Shyam Sekhar, chief ideator, ithought Advisory, said, “Though Chinese stocks are quoting at an attractive valuation, there is no clarity on corporate governance of the companies and if shareholders’ rights will be protected by the government. If investors can access high-quality tech businesses along with corporate governance and transparency in the US, then it is better to be invested in American companies.” Sekhar has long believed in concentrating on the US economy as he feels that the bandwidth to track multiple international markets is limited. He says tracking the US market is relatively simpler because there is ample information about US-listed companies.
Analysts say investors need to look beyond cheap stocks. Looking at the decades of high economic growth in the past, they should not enter the market blindly but need to factor in slowing economic growth and changes in government policies, the effects of which on companies’ earnings are yet to be ascertained.
“Though the valuations are attractive, there is limited understanding of how things are changing on the ground. We need to know what we are paying for.

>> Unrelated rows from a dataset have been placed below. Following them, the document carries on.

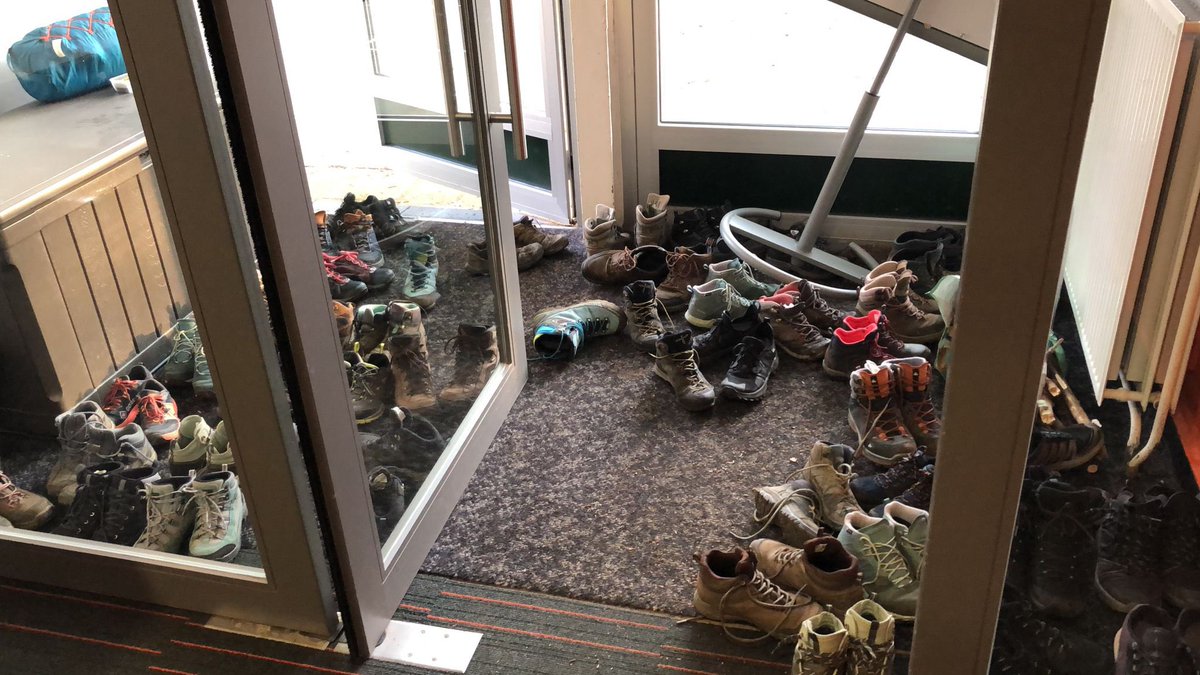 Erin Orens (@earthtoe) on Twitter photo That’s a lot of teenagers’ sweaty hiking boots! <a href="/ISB_Bronze_IA/">ISB Bronze IA</a> #mslearns #outdooreducation That’s a lot of teenagers’ sweaty hiking boots! <a href="/ISB_Bronze_IA/">ISB Bronze IA</a> #mslearns #outdooreducation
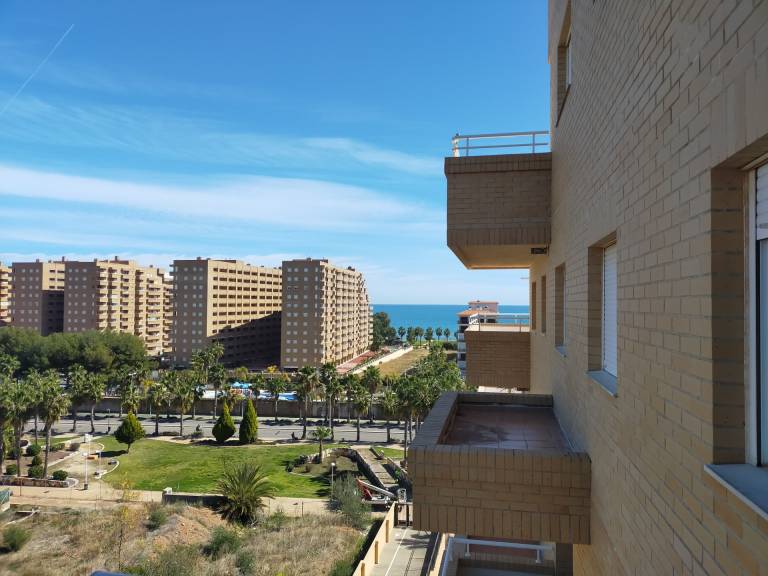 Holiday apartment with pool & patio in Oropesa del Mar
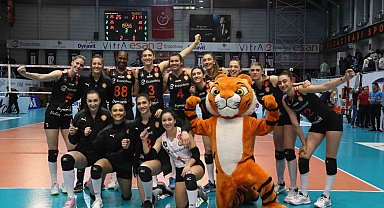 Eczacıbaşı Dynavit, rahat kazandı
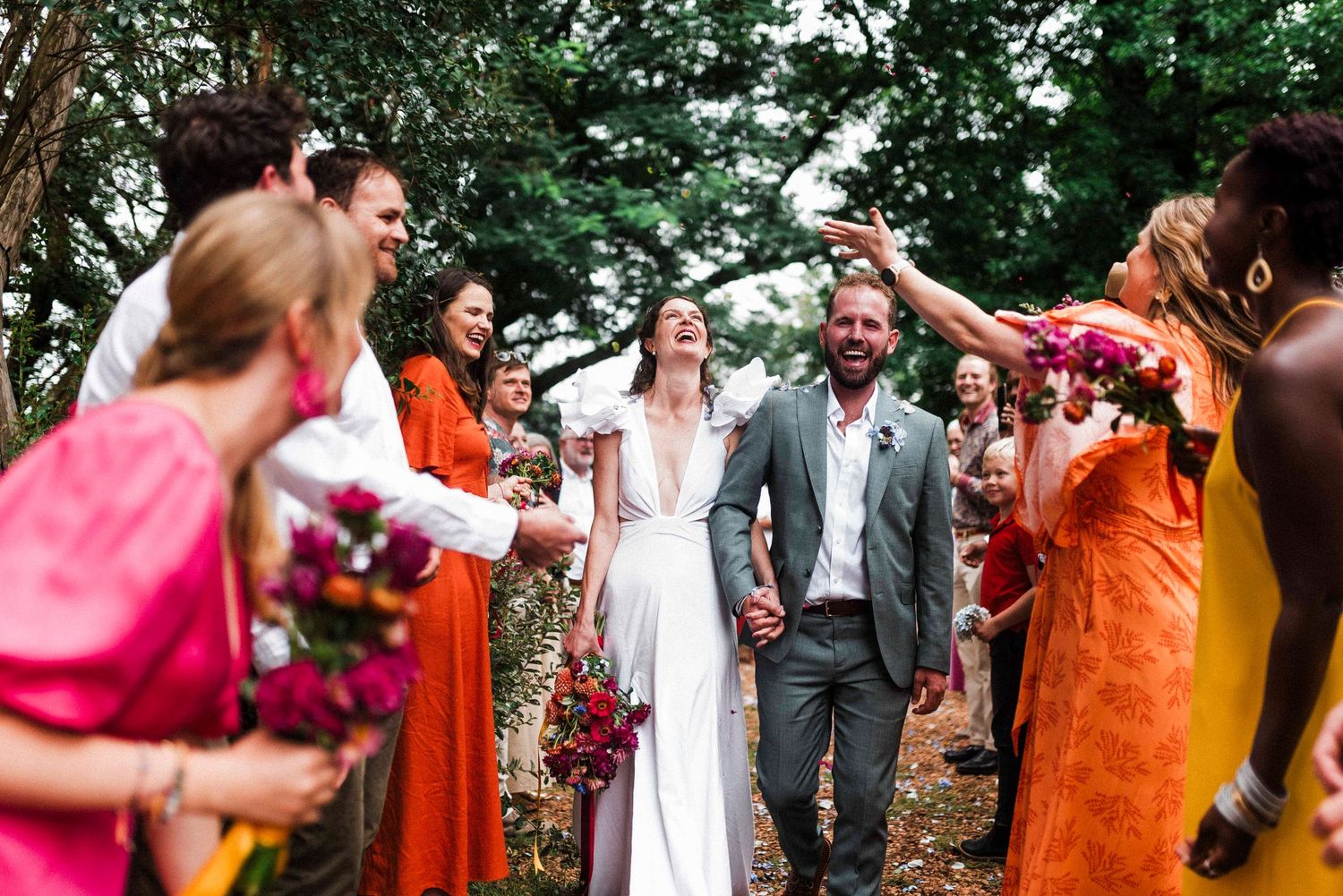 Wedding at Minas, Haenertsburg, Zwakala, colourful celebration, wedding and elopement photographer, best photographer, confetti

It is better to wait till clarity emerges on the policy framework, though it may mean paying a bit more for the same set of stocks,” said Prabhu.
Existing investors in mutual fund schemes investing in Chinese stocks may get a better exit in short term if they are looking for a tactical exit. But without transparency on policy, it does not make a long-term investment option at this moment of time, she said.
For Sekhar, putting money in China at this moment is a risk worth avoiding. “An individual investor may want to invest in China at this moment, but that is a high-risk call and nothing short of sheer speculation,” he said.
The optimists have their own reasons. “I would like to buy Chinese stocks at these prices in my personal capacity. It is a large economy. You need companies to produce goods and services, especially when you are talking of consumption-led economic growth,” said the fund manager quoted earlier.
Awasthi recommends investors look at this only with a long-term view if they are prepared to stomach bouts of volatility. “Like any other country, geopolitical risks cannot be done away with,” he added.
Most investors are better off staying away from Chinese stocks and mutual fund schemes that are investing in stocks listed in China for the time being. Even if you are keen to invest, consider staggered allocation within the asset allocation that suits your financial goals.